Please print every record below exactly as written, leaving out the pictures.
*** Opening of PROVIDED INFORMATION ***
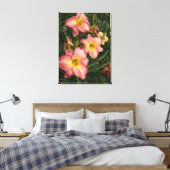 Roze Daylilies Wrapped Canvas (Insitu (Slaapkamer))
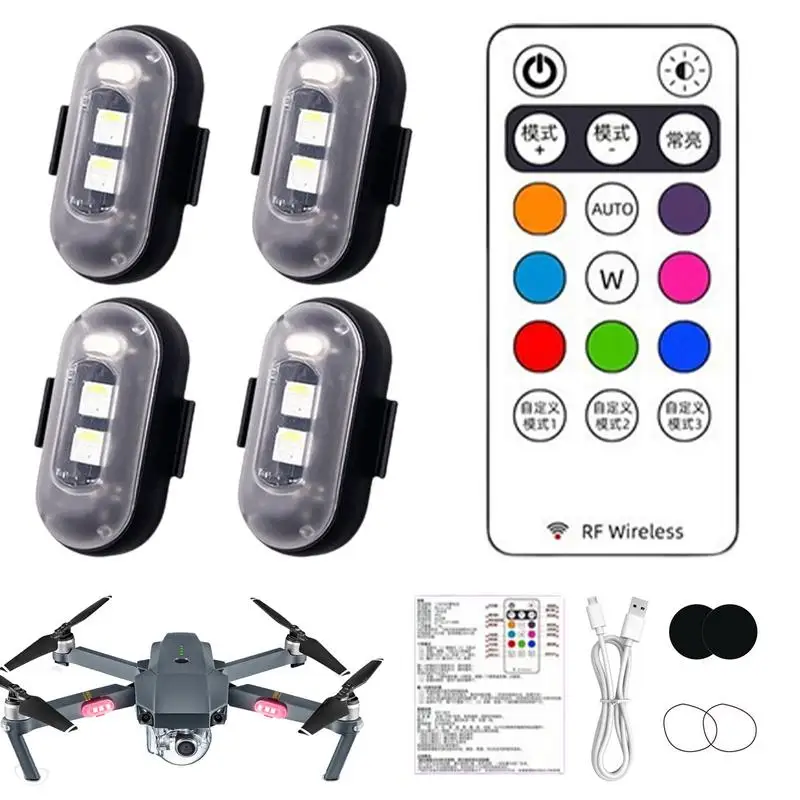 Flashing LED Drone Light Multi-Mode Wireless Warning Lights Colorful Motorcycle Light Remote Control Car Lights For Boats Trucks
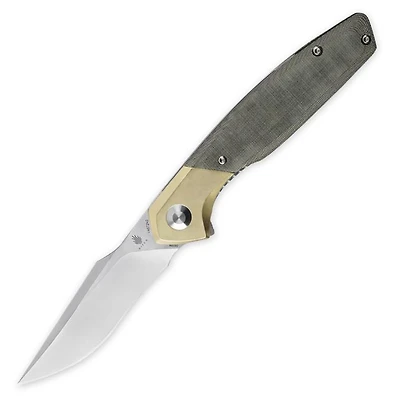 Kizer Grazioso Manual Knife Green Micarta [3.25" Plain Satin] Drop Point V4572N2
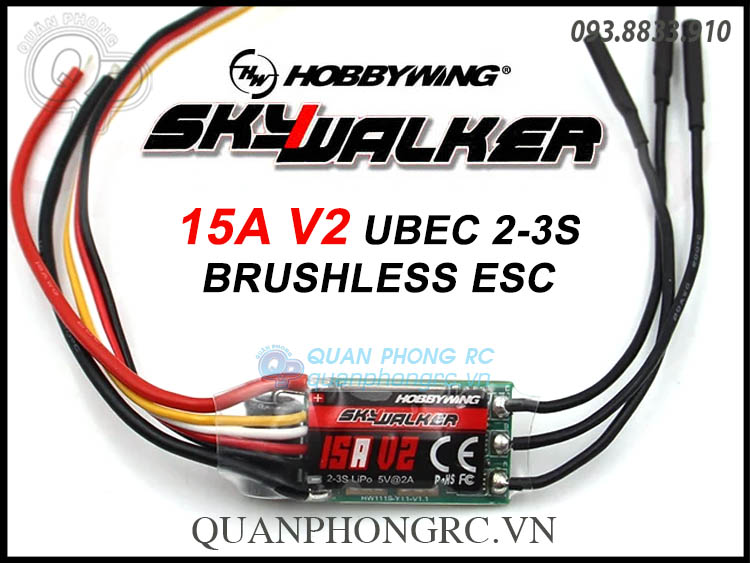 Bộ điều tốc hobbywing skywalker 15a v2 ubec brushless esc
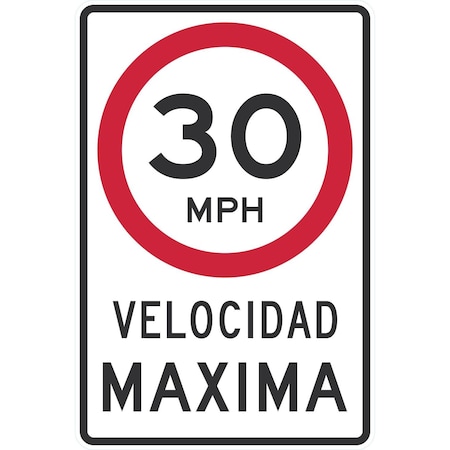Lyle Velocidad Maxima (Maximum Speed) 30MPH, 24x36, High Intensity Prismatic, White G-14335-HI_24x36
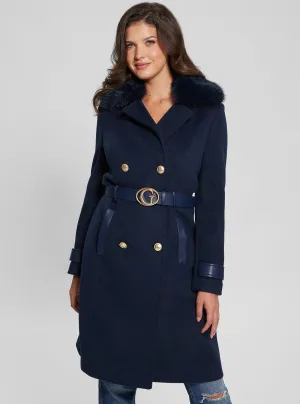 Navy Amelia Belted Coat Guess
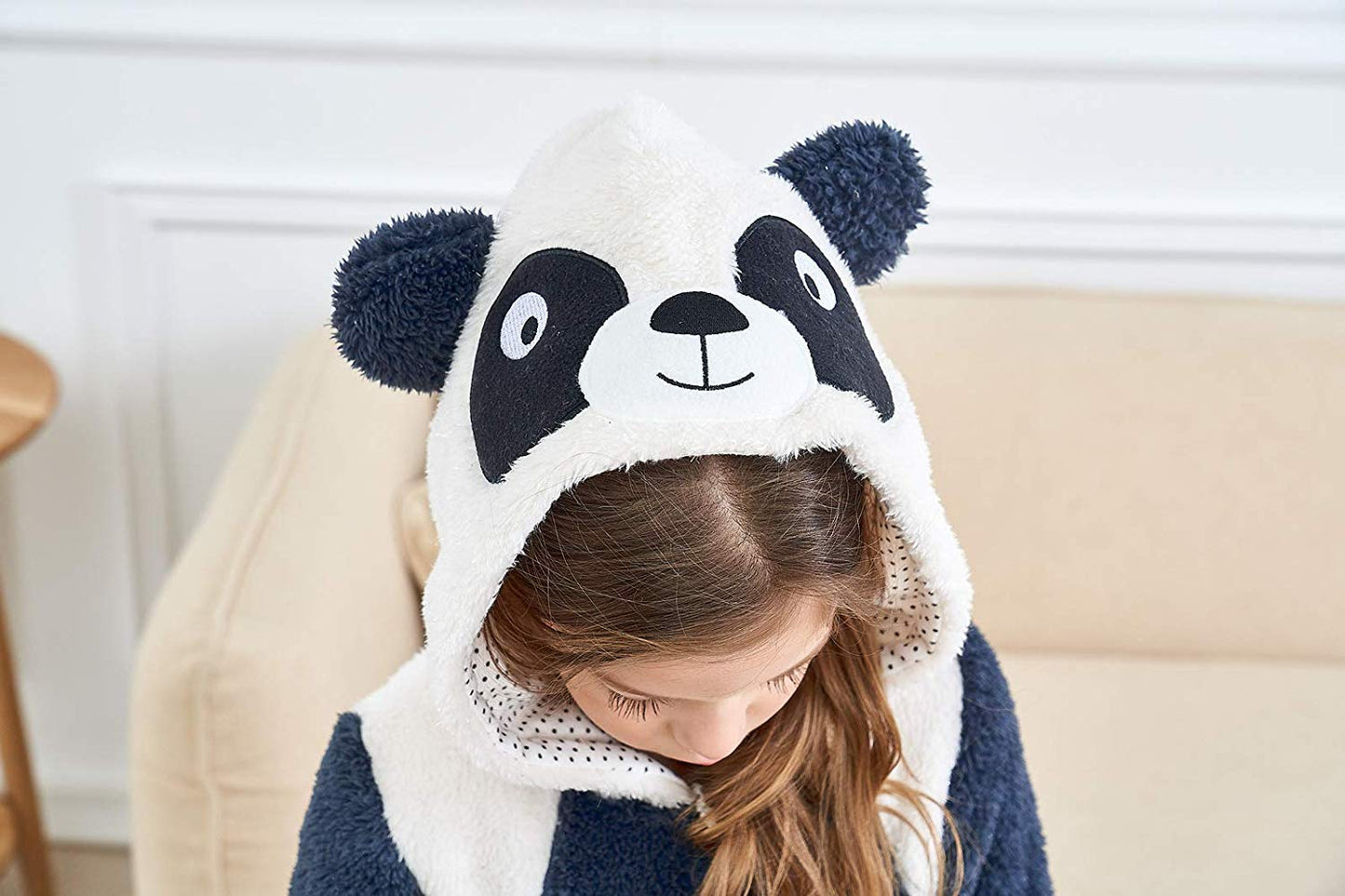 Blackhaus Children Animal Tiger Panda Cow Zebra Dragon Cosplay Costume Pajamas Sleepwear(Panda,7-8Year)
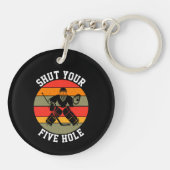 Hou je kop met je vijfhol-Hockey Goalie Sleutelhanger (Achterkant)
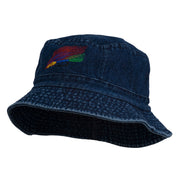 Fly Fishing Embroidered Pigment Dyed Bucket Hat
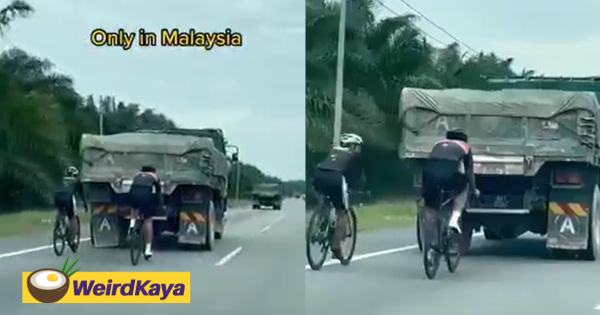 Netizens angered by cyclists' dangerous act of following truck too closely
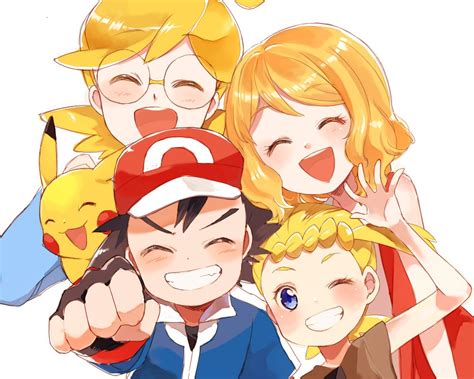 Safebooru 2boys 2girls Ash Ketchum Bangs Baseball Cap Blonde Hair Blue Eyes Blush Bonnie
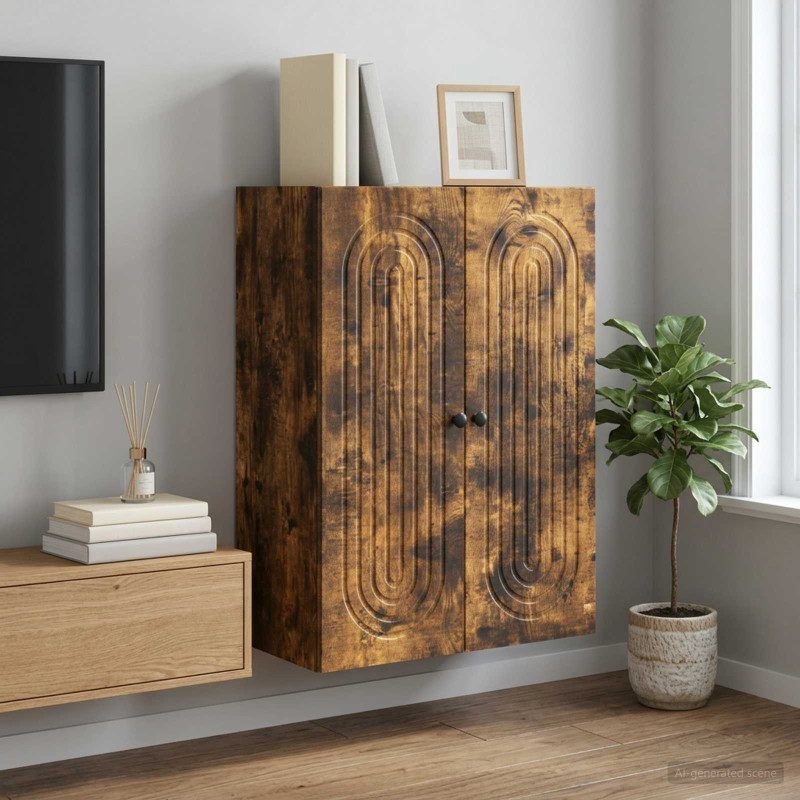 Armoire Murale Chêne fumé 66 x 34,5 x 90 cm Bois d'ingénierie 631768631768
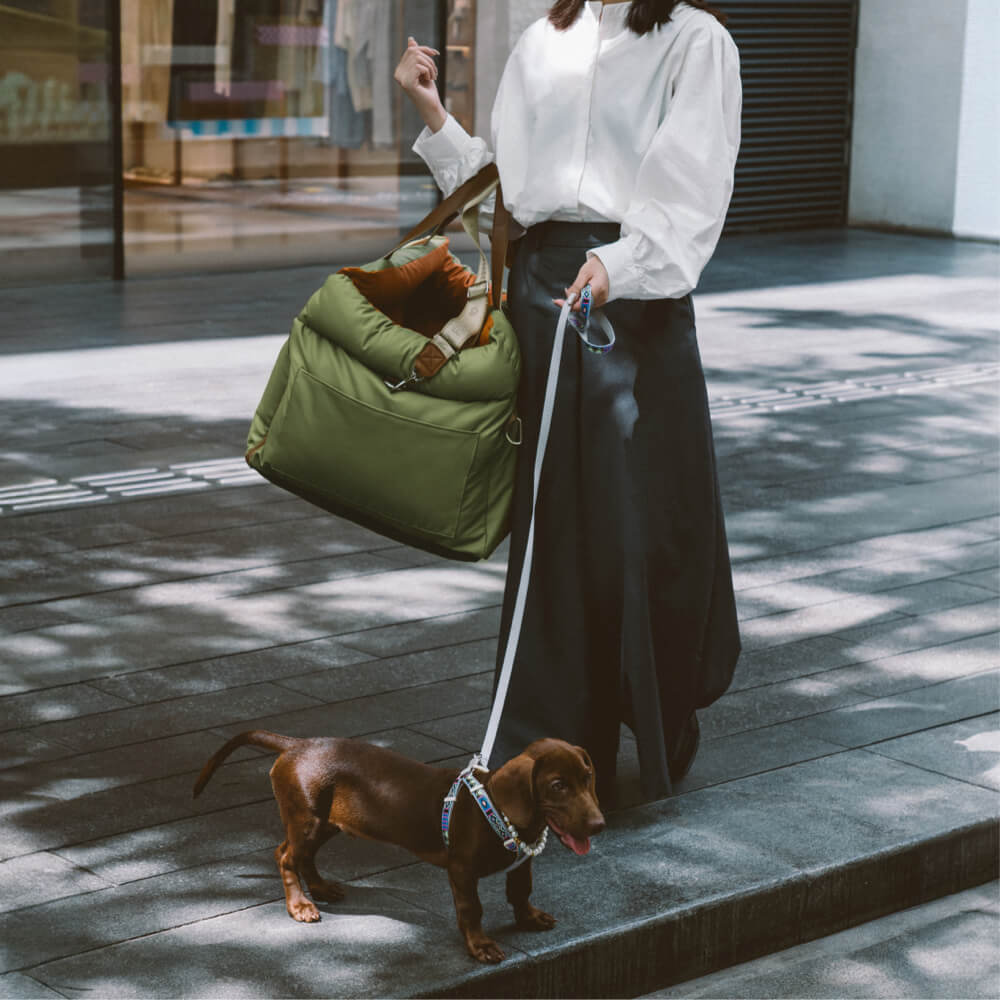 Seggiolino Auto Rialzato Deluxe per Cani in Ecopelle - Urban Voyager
*** Close of PROVIDED INFORMATION ***
> **SOLUTION FOR THIS EXERCISE**:
 Roze Daylilies Wrapped Canvas (Insitu (Slaapkamer))
 Flashing LED Drone Light Multi-Mode Wireless Warning Lights Colorful Motorcycle Light Remote Control Car Lights For Boats Trucks
 Kizer Grazioso Manual Knife Green Micarta [3.25" Plain Satin] Drop Point V4572N2
 Bộ điều tốc hobbywing skywalker 15a v2 ubec brushless esc
Lyle Velocidad Maxima (Maximum Speed) 30MPH, 24x36, High Intensity Prismatic, White G-14335-HI_24x36
 Navy Amelia Belted Coat Guess
 Blackhaus Children Animal Tiger Panda Cow Zebra Dragon Cosplay Costume Pajamas Sleepwear(Panda,7-8Year)
 Hou je kop met je vijfhol-Hockey Goalie Sleutelhanger (Achterkant)
 Fly Fishing Embroidered Pigment Dyed Bucket Hat
 Netizens angered by cyclists' dangerous act of following truck too closely
 Safebooru 2boys 2girls Ash Ketchum Bangs Baseball Cap Blonde Hair Blue Eyes Blush Bonnie
 Armoire Murale Chêne fumé 66 x 34,5 x 90 cm Bois d'ingénierie 631768631768
 Seggiolino Auto Rialzato Deluxe per Cani in Ecopelle - Urban Voyager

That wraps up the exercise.